Can a Testamentary Trust be changed after the death of the Testator should it be necessary to do so?
Trusts are estate-planning tools that can replace or supplement Wills; they also help to manage property during life. In simple terms, to set up a Trust, one-person transfers property to a second person to be held for the benefit of the third. The person who transfers the property is called the “Grantor” or the “Settlor”. The recipient of the property is called the “Trustee”; and they are the persons/entities who take legal title of the transferred property. A Trustee may also be a beneficiary – provided they are not the only beneficiary.

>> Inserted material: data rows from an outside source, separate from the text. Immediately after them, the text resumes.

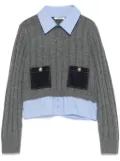 SANDRO layered-effect sweater - Grey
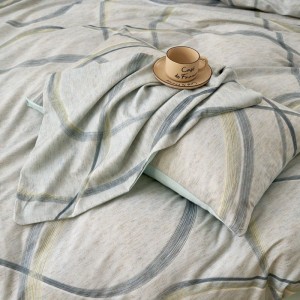High Quality 40S Cotton Home Bed Linen Floral Digital Printed Duvet Cover Green Bed Sheets Bedding Set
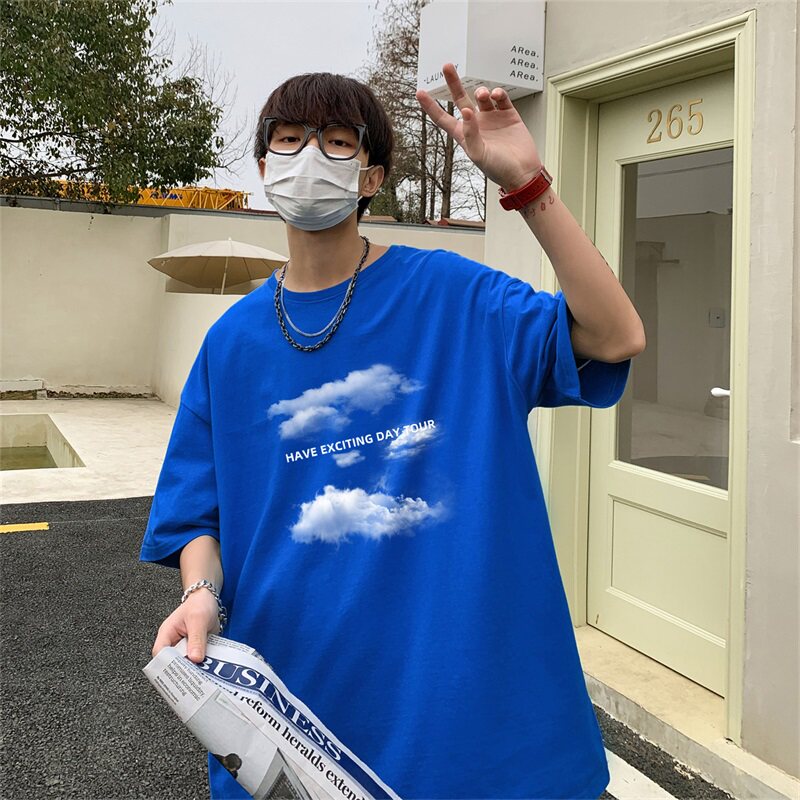 2024夏季新款短袖T恤男大码港风体恤潮牌潮流纯棉打底衫T6601-P15,男装T恤,星座815-2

A Testamentary Trust or Trust Mortis Causa is thus a Trust which is established in a Will and comes into effect upon the death of the Testator (founder) of the Will.  Instead of your assets passing directly to your beneficiaries, they pass into a Trust. Because a Trust allows the Grantor to specify conditions for receipt of benefits, as well as to spread payment of benefits over a period of time instead of making a single gift, many people prefer to include a Trust in their Wills to reinforce their preferences and goals after death.
Such Trusts are typically used to protect the interests of minors or dependants who are unable to take care of themselves. Some or all of the assets in the estate are moved to the Trust on the death of the Testator.  The Trust is then administered by Trustees on behalf of the beneficiaries, who are more often than not the Minor Children or other dependants of the deceased.   The appointed Trustees administer the Trust in terms of the Will until the Trust terminates, usually after a predetermined period or at a determined event, such as a Minor turning 18, or the death of an income beneficiary. If for any reason the Will is invalid, the Trust won’t come into effect.

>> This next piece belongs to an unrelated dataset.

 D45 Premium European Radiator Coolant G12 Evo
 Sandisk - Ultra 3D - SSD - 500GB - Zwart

As a rule of thumb the terms of a Testamentary Trust cannot be amended after death. The Trust Property Control Act 57 of 1988 (“the Act”) does however grant our Courts the power to amend a Trust Deed; where, for example, a provision brings about consequences which in the opinion of the Court, the founder of a Trust did not contemplate or foresee. This hampers the achievement of the intention of the founder and prejudices the interest of the beneficiaries or, becomes in conflict with the public interest.

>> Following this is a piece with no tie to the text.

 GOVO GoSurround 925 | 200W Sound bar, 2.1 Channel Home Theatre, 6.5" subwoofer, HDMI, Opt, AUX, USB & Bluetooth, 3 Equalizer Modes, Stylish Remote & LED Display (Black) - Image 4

An example of this power was recently decided by the Court in Hanekom v Voigt 2016 1 SA 416 (WCC), where they found that a variation of the provisions of a Testamentary Trust (brought about by agreement between the Trustee and the beneficiaries) was valid. Despite the fact that a Trust is of testamentary origin, it does not prevent the Trustees and beneficiaries from agreeing to an amendment. The Court further found that if the Testamentary Trust also confers upon a Trustee the power to decide when to terminate the Trust; it also implies that the Trustee has the power to amend the Trust Deed.
The provisions of the Act which requires a Trustee to, in exercising their powers, act with the care, diligence and skill which can reasonably be expected of a person who manages the affairs of another, still applies; and should a Trustee decide to amend the provisions of the Trust, the Trustee needs to exercise their authority in accordance with the Act.
It is therefore possible that your Trust provisions may be varied after your death.